* _SUPPLIED INFORMATION_
■ ■ ■ ■
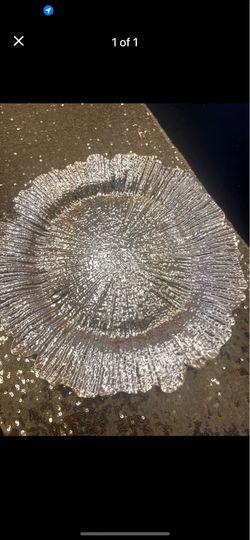 Clear charger plates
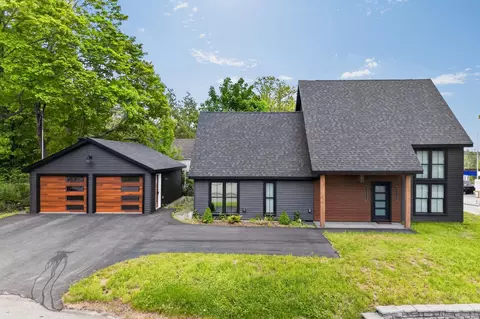 3 Main St, Bucksport, ME 04416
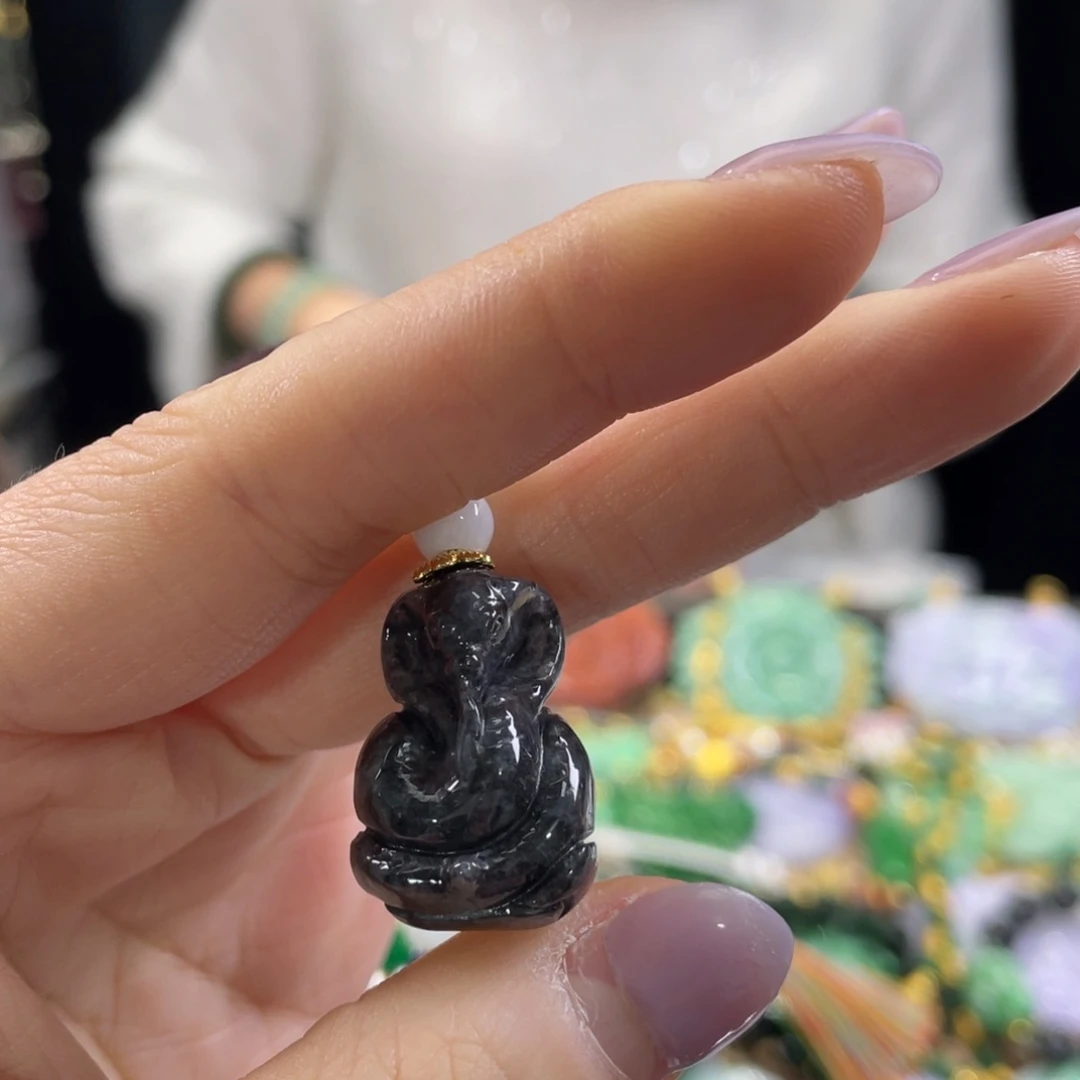 翡翠挂件未镶嵌代编织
■ ■ ■ ■
* _WHAT THE EXERCISE ASKS_
With the pictures left out, transcribe the material exactly.

* _ANSWER SECTION_
 Clear charger plates
 3 Main St, Bucksport, ME 04416
 翡翠挂件未镶嵌代编织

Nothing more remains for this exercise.